The fact that many lesser-known politicians are considering a run is a sign that the status of the front runners remains uncertain. Indeed, both parties have reservations about their presumptive nominees. For example, McCain and Giuliani face obstacles within the Republican Party, mainly because they have antagonized social conservatives who comprise the party's base. Clinton, meanwhile, is dogged by concern that she is too polarizing a figure to win the general election. And as a first-term senator, Obama has remarkably little experience as a national officeholder. Thus it remains an open question as to whether any of the current front-runners for major-party nomination will ultimately occupy the Oval Office.
Swinging from Fringe to Center
To enter the White House in January 2009, a successful presidential candidate will need to pass through a two-year, two-stage process in which he/she will be required to: 1) secure the nomination of his/her respective political party by late in the summer of 2008; and then 2) face the American public and win the general election set for November 2008.
Running a successful presidential campaign in a country as exceptionally diverse as the United States is a politically complex endeavor that is fraught with danger at each step along the way. Because America has only two main political parties which together capture the sundry interests of some 300 million citizens, would-be presidents are obliged to perform a balancing act in which they initially must appeal to their more extreme wings (left in the case of Democrats, right in the case of Republicans) in order to secure their party's nomination; and then subsequently demonstrate an ability to work across party lines by swinging to the political center in order to be 'electable' at the national level.
For example, in order to win the Republican nomination, McCain will need to persuade the social conservative base of his party that he is not as liberal as they think he is. But in the process of reaching out to the right wing, he will try hard not to alienate more moderate Republicans. At the same time, McCain has a maverick streak that appeals to independents and the kind of Democrats who used to vote for President Ronald Reagan; McCain knows that he will need to secure the support of this voting bloc (which in any case is far more liberal than his Republican base) if he hopes to win the general election.
Clinton has formidable problems of her own. Because she is perceived as a staunch liberal by many Republicans, Clinton has been taking more and more centrist positions in order to be 'electable' at the national level. This, however, has opened her to attack from the far left of her own party.

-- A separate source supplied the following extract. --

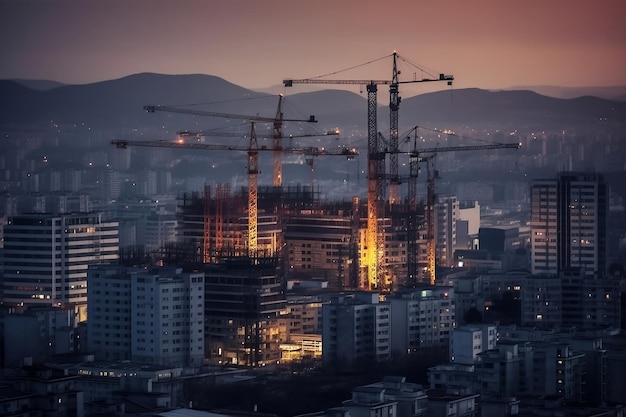 Coucher de soleil sur la ville AI générative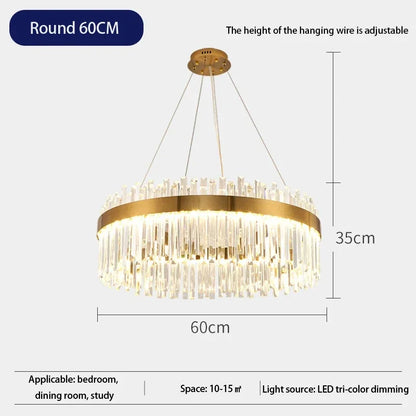 Decorbites™ Kristallanhänger-Lüsterleuchte – Nordisches Luxusgold-Deckenlicht für das Wohnzimmer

For example, former Vice President Al Gore, who once seemed to have been exiled from politics after his defeat by George W Bush in 2000, is emerging as a potential challenger from the liberal wing of the Democratic Party.
In such a volatile atmosphere, in which the vulnerabilities of the putative front-runners of both parties may cast some doubt on their viability as candidates in the general election, leaders from both parties believe there is at least a chance that lesser-known candidates could emerge as front-runners. Indeed, although front-runners like Clinton and McCain have built extensive political networks, other candidates may find a counterweight by winning favor with major interest groups that have significant fundraising machinery and get-out-the-vote apparatus.
What follows is a brief overview of the most likely candidates for president in 2008 as of now, some 22 months before the general election.
The Main Republican Contenders
Arizona Senator John McCain is a leading Republican contender to become the next American president. McCain is a former prisoner of war of the North Vietnamese who enjoys war-hero status; he has a vast political network that extends across the United States and he commands instant name recognition from Alaska to Vermont.
McCain is arguably also more knowledgeable on domestic and foreign policy than any other potential candidate from either party (except for Hillary Clinton). Although he has often clashed with the White House over issues ranging from campaign finance reform to the treatment of terrorist detainees, he has also been one of the most prominent supporters of victory in Iraq outside the White House.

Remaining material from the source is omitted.